**WORK INSTRUCTIONS:** Please copy only the material from the line that has "KitchenAid - Large" to the very last line, both ends included, exactly as written and without pictures.

**RECORDED DATA:**
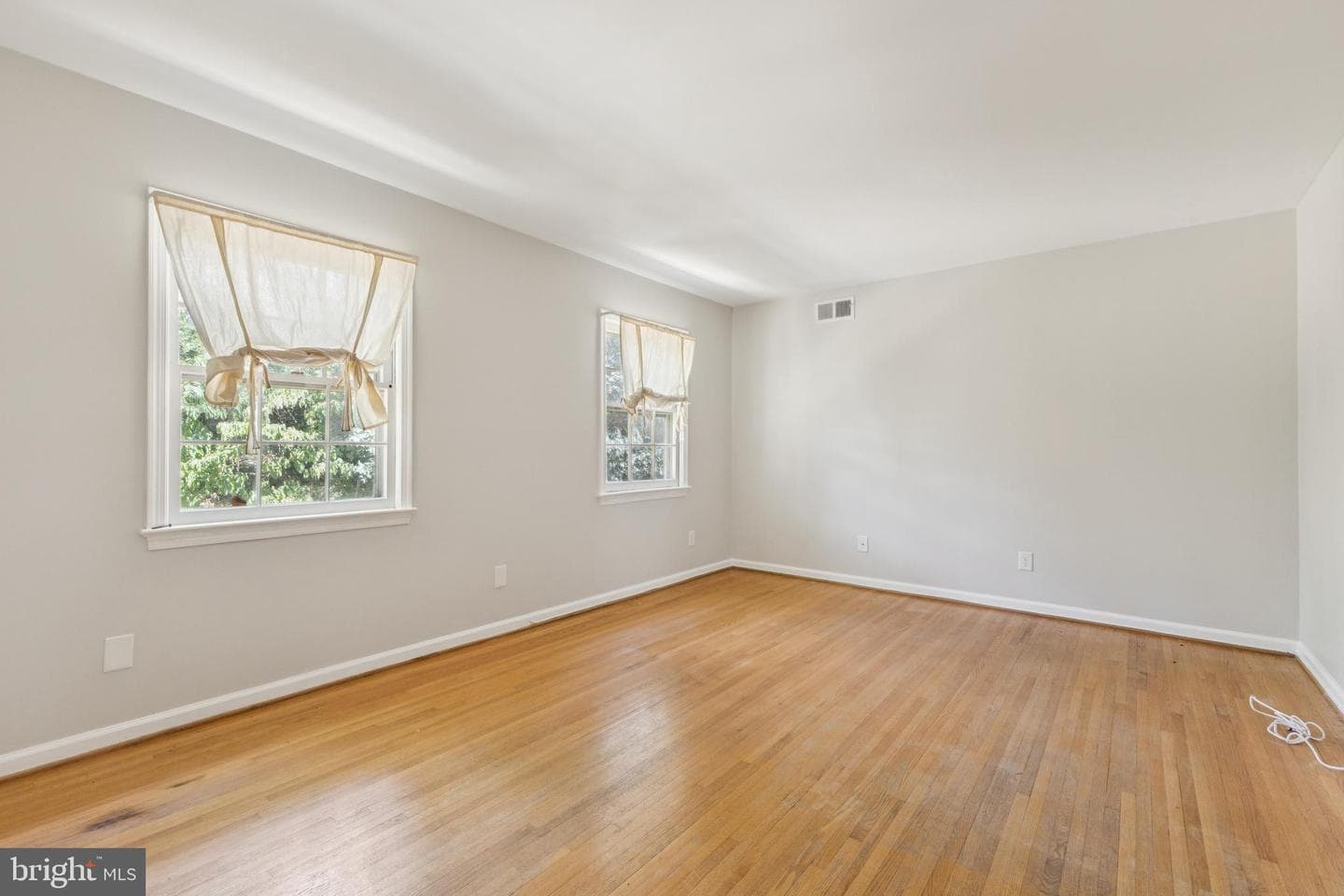 6108 Larstan Drive photo 22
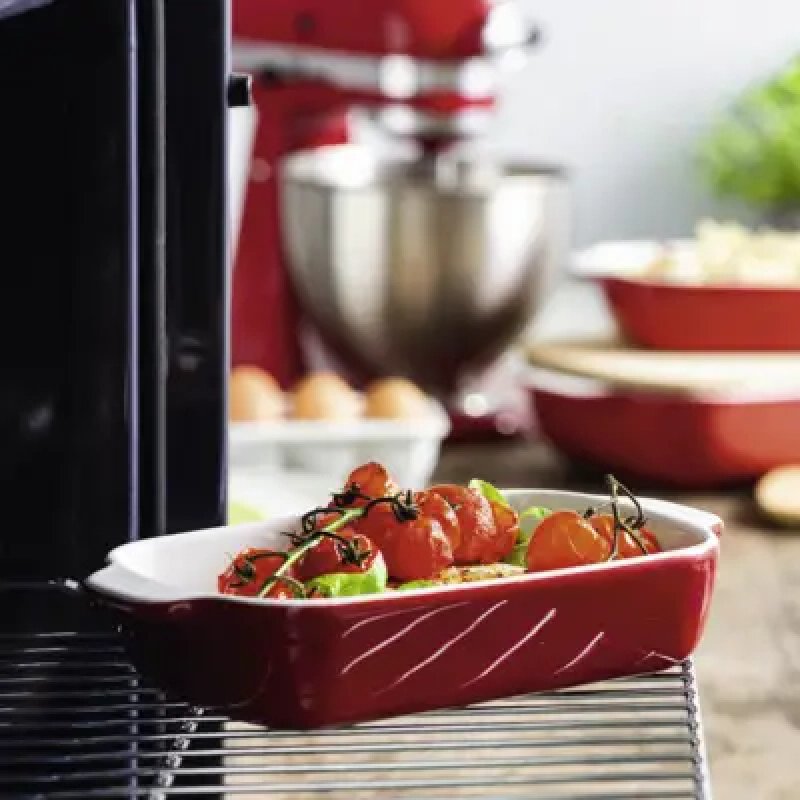 KitchenAid - Large Baker with Lid - Empire Red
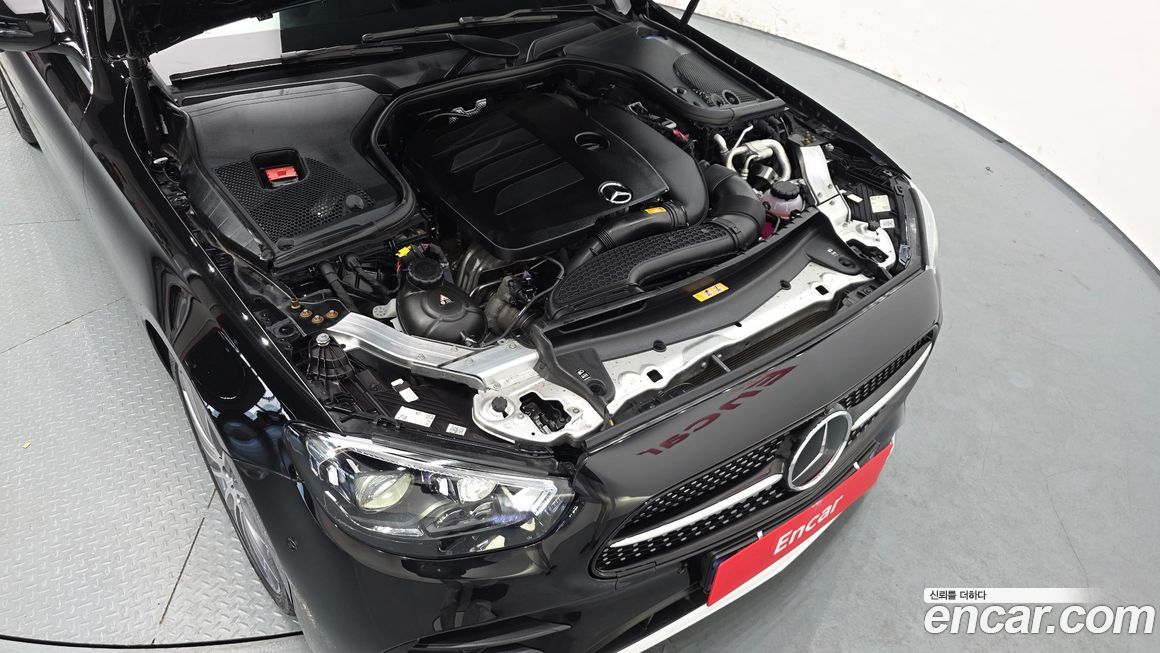 Mercedes-Benz E-Class 2022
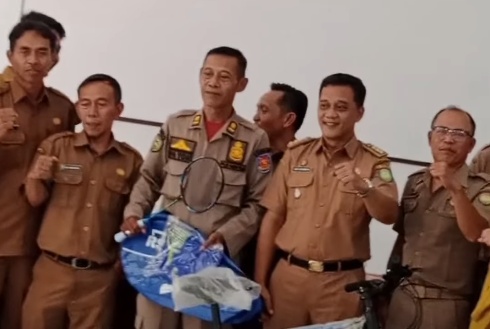 Perpisahan Haru Maryono di Haurgeulis, Camat Beri Hadiah Spesial!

**RESPONSE AREA:**
 KitchenAid - Large Baker with Lid - Empire Red
 Mercedes-Benz E-Class 2022
 Perpisahan Haru Maryono di Haurgeulis, Camat Beri Hadiah Spesial!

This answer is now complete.